Поднимись, моя страна!
"Вставай, страна огромная!"
Я писал эту книгу для братьев и сестер, для жены и сына. Но давно уже нет Жени и Лиды, Володи и Валентина, давным-давно упокоились мои родители и тетушки, многие родные и близкие люди. Не прочтет моей книги Толя Козлов, Минька, брат Николай, и многая и многая… Поредел круг моих первых читателей. Женька, может быть, дал бы мне в зубы, как однажды чуть не сделал этого в Моршанске, когда спросил, для чего я пишу стихи. Для славы, ответил я. Для славы? — закричал брат, — я тебе сейчас зубы выбью, дурак! Сам такой. Я хочу фамилию нашу прославить! Все равно тебе полагается по зубам, чтобы выбить из твоей башки эту мысль. И вышиб, не тронув пальцем. Спасибо, брат.

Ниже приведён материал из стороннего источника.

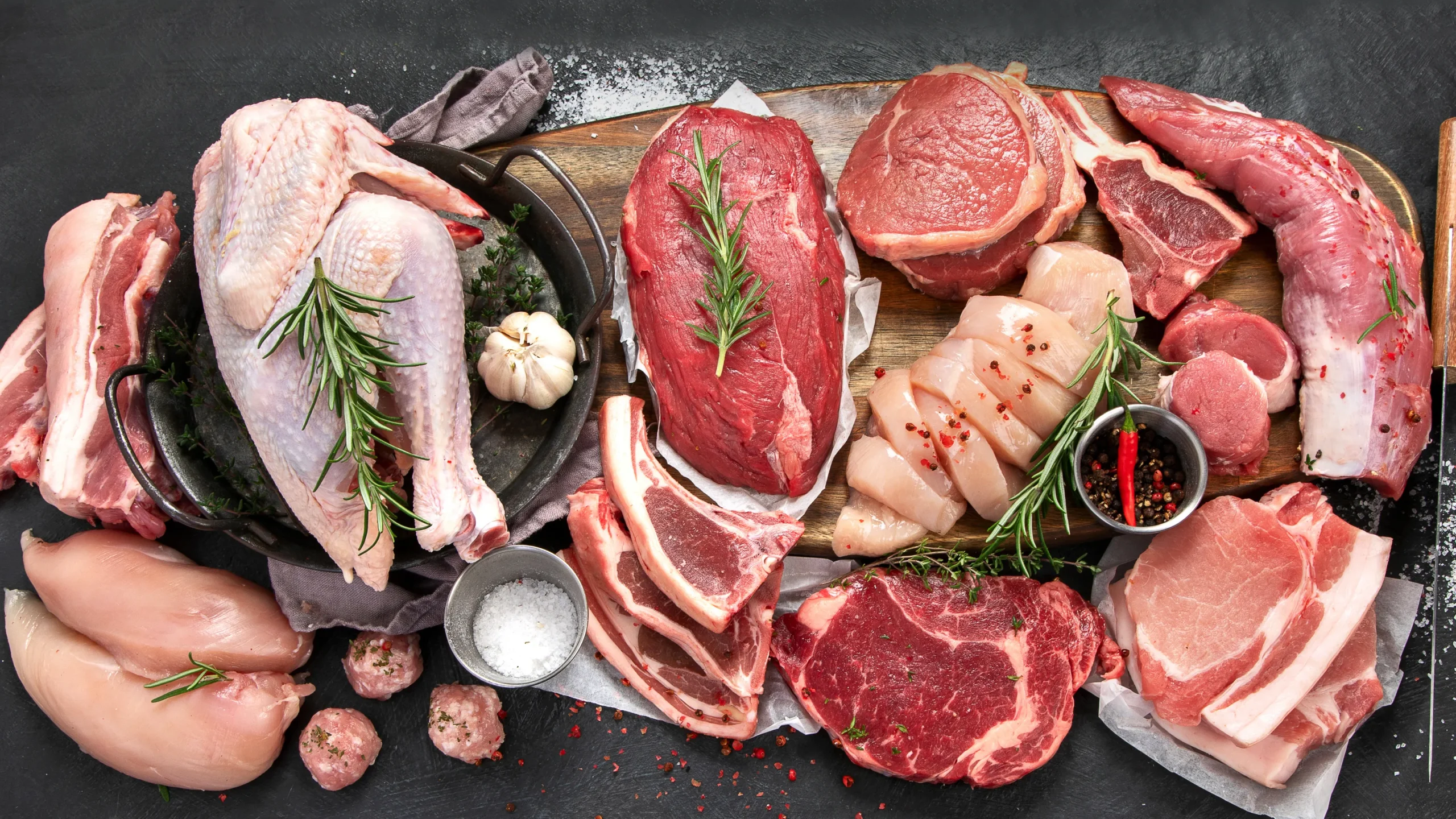 Carnivore Diet3 scaled The Carnivore Diet: Benefits, Risks, and Everything You Need to Know - 3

Лида по своей профессиональной редакторской привычке разобрала бы каждую фразу, каждый факт, уличая меня в неточностях и ошибках: тут ты, Руя, наврал, это было не так и не тогда, а здесь коряво, разве так пишут и т. д. Спасибо, сестра. Я всегда чувствовал за плечом твой пристальный критический взгляд и одобрение моих усилий. Ты похвально отозвалась о моих намерениях написать эту книгу и, больная смертельно, дарила мне дорогие минуты своей угасающей жизни для обсуждения замысла, тратя их на воспоминания детства. И прости меня еще за то, что не успел. Простите все, о ком я вспомнил в своих записках.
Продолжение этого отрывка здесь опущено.